While I’m abroad, I try to dedicate as much time as possible to traveling. However, some weekends I just don’t have the time, energy, or money to go very far. I find that this is usually a blessing in disguise—it’s always fun to spend time exploring Puebla! The city has a lot to offer, from the smallest volcano in the world to the biggest pyramid in the world (technically in the next town over, but just a 15 minute drive)!
Over spring break, I finally took the time to visit Cuexcomate, the smallest volcano in the entire world! My friend and I didn’t even have to call an uber—it turned out to be a 30 minute walk from where we live. Cuexcomate is just 13 meters tall on the outside, and looks like a pile of rocks. I thought it was funny that there was a small park build around it—there were children playing on a jungle gym just feet away from an actual volcano. We paid 12 pesos each to climb into the crater, which I expected to be pretty shallow. I was surprised when we got to the rim and found a staircase descending even deeper into the earth than the volcano was tall. The inside of Cuexcomate was cool and damp, with several pools of water around the edges. We spent a while just relaxing underground before coming back up into the dry Puebla heat!
My favorite place in Puebla is the Zócalo, or town center. The Zócalo is an open square set in front of the city’s cathedral, and is surrounded by museums, restaurants, and stores. It’s always bustling with people, and there’s always something to do.

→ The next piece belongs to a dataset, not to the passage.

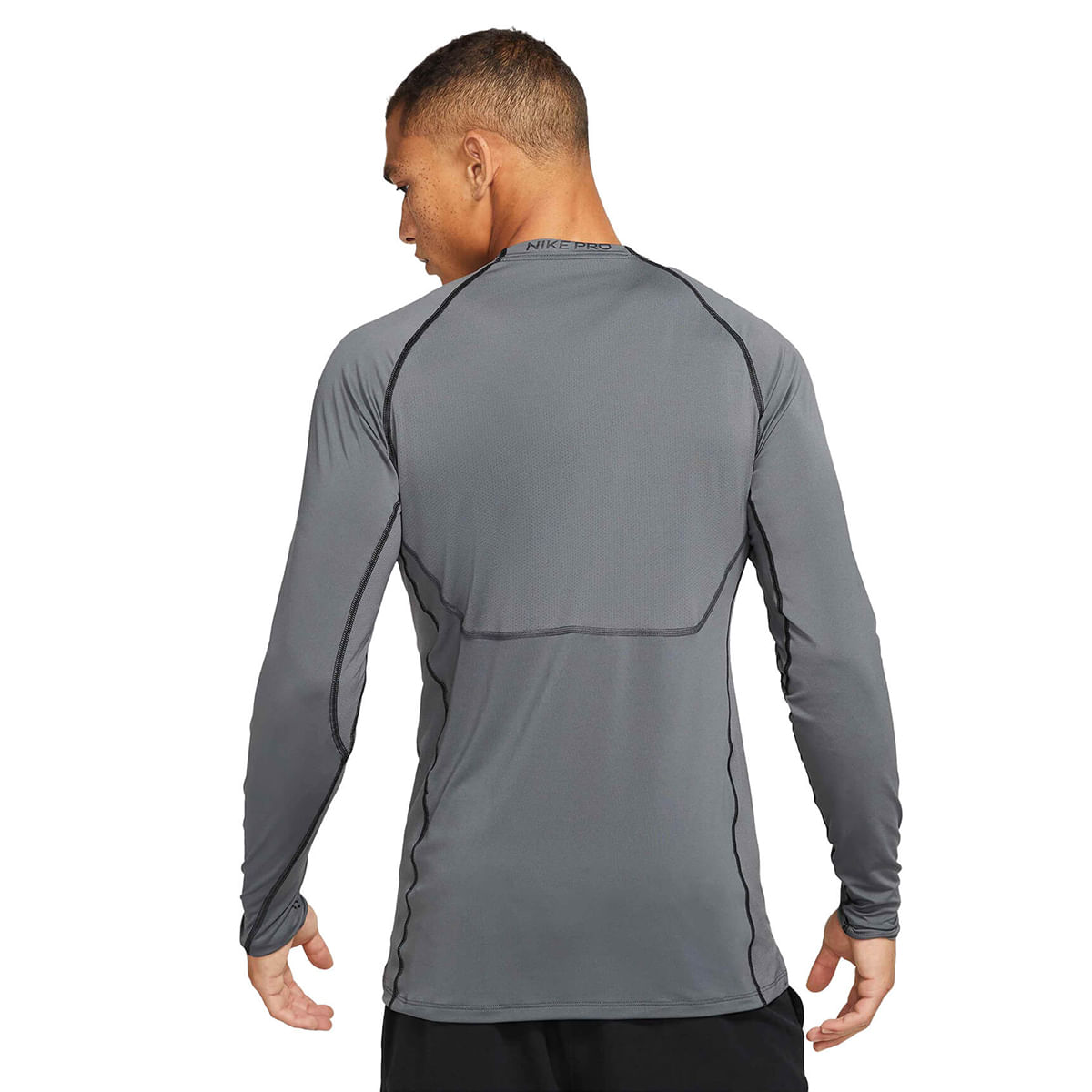 Nike Men's Pro Warm Long Sleeve Shirt, Medium, Iron Grey/Black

When my friend visited from OU, we spent several days just exploring the area around the Zócalo. We walked around inside the cathedral several times, just admiring the vaulted ceilings and ornate decorations. We also found a really interesting temporary exhibit on the life of Frida Kahlo at a museum on the square, and spent a few hours looking at all of the photographs and paintings on display. My favorite museum so far has been the Amparo Museum, which is just a few blocks away from the Zócalo. It’s a very interesting mix of history and modern art. On the first floor there are a few rooms full of huge photographs of churches and cathedrals throughout the country. Upstairs are several recreations of typical homes from pre-Hispanic and post-colonialization Mexico—visitors can walk through rooms full of furniture and paintings that are hundreds of years old. On a very different note, the Amparo has an exhibit of the art of Yoshua Okón, who creates mixed-media displays to provoke thought on controversial political and social issues. His work is intentionally disturbing, and often pretty hard to look at. But it does make you think!
The Great Pyramid of Cholula is both the largest pyramid and largest monument in the world! However, it is almost completely unexcavated, so it looks like a grassy hill from most angles. The pyramid was built thousands of years before Europeans came to the Americas, and no one knows who actually constructed it (it is theorized that several different civilizations added onto it over hundreds of years). In fact, by the time the Spanish arrived, the pyramid was already overgrown with vegetation. They assumed that it was simply a massive hill, and constructed a Catholic church at the summit. Present-day visitors to Cholula can climb the pyramid via a recently-built staircase/ramp. At the top, you can see all of Puebla and Cholula! I’ve climbed the Great Pyramid a few times, and hope to do it at least once more before I leave. Even more impressive than the incredible view is the feeling of being so close to such an ancient and mysterious monument.
I’m sure I have much more exploring to do in Puebla—this is the fourth-largest city in Mexico, and I feel like I’ve only just glimpsed a tiny bit of it. Puebla is a mix of natural wonders and culture, so there’s really something for everyone. I know I’ll miss it once the semester is over, but I have a feeling I’ll be back!